The Ultimate Guide to Evaluation and Selection of Models in Machine Learning

To properly evaluate your machine learning models and select the best one, you need a good validation strategy and solid evaluation metrics picked for your problem.

A good validation (evaluation) strategy is basically how you split your data to estimate future test performance. It could be as simple as a train-test split or a complex stratified k-fold strategy.

Once you know that you can estimate the future model performance, you need to choose a metric that fits your problem. If you understand the classification and regression metrics, then most other complex metrics (in object detection, for example) are relatively easy to grasp.

When you nail those two, you are good.

In this article, I will talk about:

So let’s get to it.

Note from the product team

You can use neptune.ai to compare experiments and models based on metrics, parameters, learning curves, prediction images, dataset versions, and more.

It makes model evaluation and selection way easier.

See in app Full screen preview Side-by-side experiment comparison in the Neptune web app

Just to make sure we are on the same page, let’s get the definitions out of the way.

What is model evaluation?

Model evaluation is a process of assessing the model’s performance on a chosen evaluation setup. It is done by calculating quantitative performance metrics like F1 score or RMSE or assessing the results qualitatively by the subject matter experts. The machine learning evaluation metrics you choose should reflect the business metrics you want to optimize with the machine learning solution.

What is model selection?

Model selection is the process of choosing the best ml model for a given task. It is done by comparing various model candidates on chosen evaluation metrics calculated on a designed evaluation schema. Choosing the correct evaluation schema, whether a simple train test split or a complex cross-validation strategy, is the crucial first step of building any machine learning solution.

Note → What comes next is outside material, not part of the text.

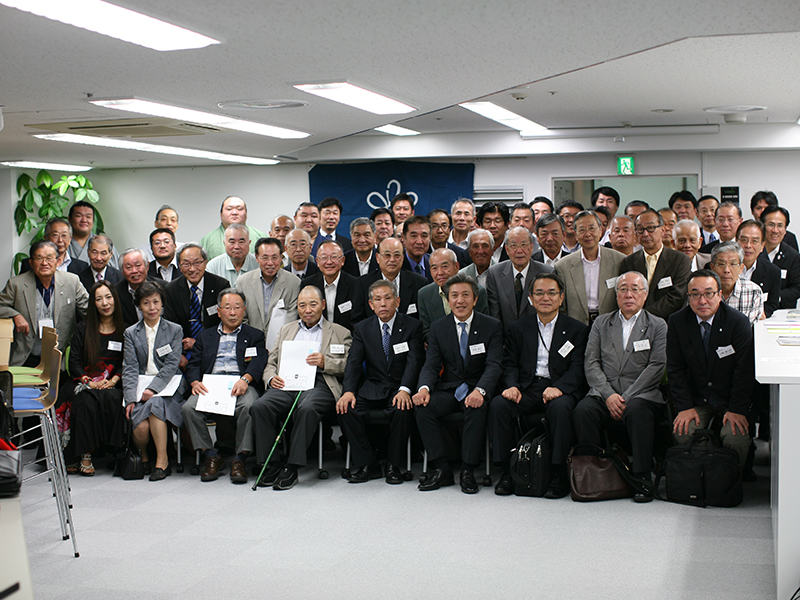 平成26年度近畿大学校友会東京支部定期総会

How to evaluate machine learning models and select the best one?

We’ll dive into this deeper, but let me give you a quick step-by-step:

Step 1: Choose a proper validation strategy. Can’t stress this enough, without a reliable way to validate your model performance, no amount of hyperparameter tuning and state-of-the-art models will help you.

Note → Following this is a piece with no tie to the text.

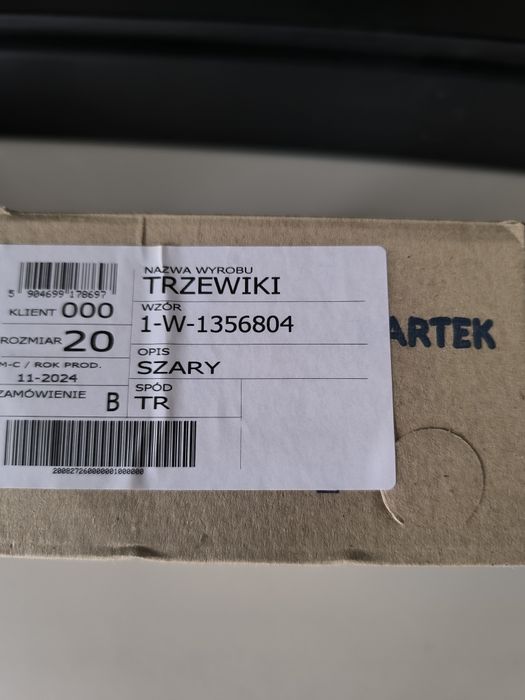 Buciki dla chłopca firmy Bartek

Step 2: Choose the right evaluation metric. Figure out the business case behind your model and try to use the machine learning metric that correlates with that. Typically no one metric is ideal for the problem.

So calculate multiple metrics and make your decisions based on that. Sometimes you need to combine classic ML metrics with a subject matter expert evaluation. And that is ok.

Step 3: Keep track of your experiment results. Whether you use a spreadsheet or a dedicated experiment tracker, make sure to log all the important metrics, learning curves, dataset versions, and configurations. You will thank yourself later.

Step 4: Compare experiments and pick a winner. Regardless of the metrics and validation strategy you choose, at the end of the day, you want to find the best model. But no model is really best, but some are good enough.

So make sure to understand what is good enough for your problem, and once you hit that, move on to other parts of the project, like model deployment or pipeline orchestration.

Model selection in machine learning (choosing model validation strategy)

Resampling methods

Resampling methods, as the name suggests, are simple techniques of rearranging data samples to inspect if the model performs well on data samples that it has not been trained on. In other words, resampling helps us understand if the model will generalize well.

Random Split

Random Splits are used to randomly sample a percentage of data into training, testing, and preferably validation sets. The advantage of this method is that there is a good chance that the original population is well represented in all the three sets. In more formal terms, random splitting will prevent a biased sampling of data.

It is very important to note the use of the validation set in model selection. The validation set is the second test set and one might ask, why have two test sets?

In the process of feature selection and model tuning, the test set is used for model evaluation. This means that the model parameters and the feature set are selected such that they give an optimal result on the test set. Thus, the validation set which has completely unseen data points (not been used in the tuning and feature selection modules) is used for the final evaluation.

Time-Based Split

There are some types of data where random splits are not possible. For example, if we have to train a model for weather forecasting, we cannot randomly divide the data into training and testing sets. This will jumble up the seasonal pattern! Such data is often referred to by the term – Time Series.

In such cases, a time-wise split is used. The training set can have data for the last three years and 10 months of the present year. The last two months can be reserved for the testing or validation set.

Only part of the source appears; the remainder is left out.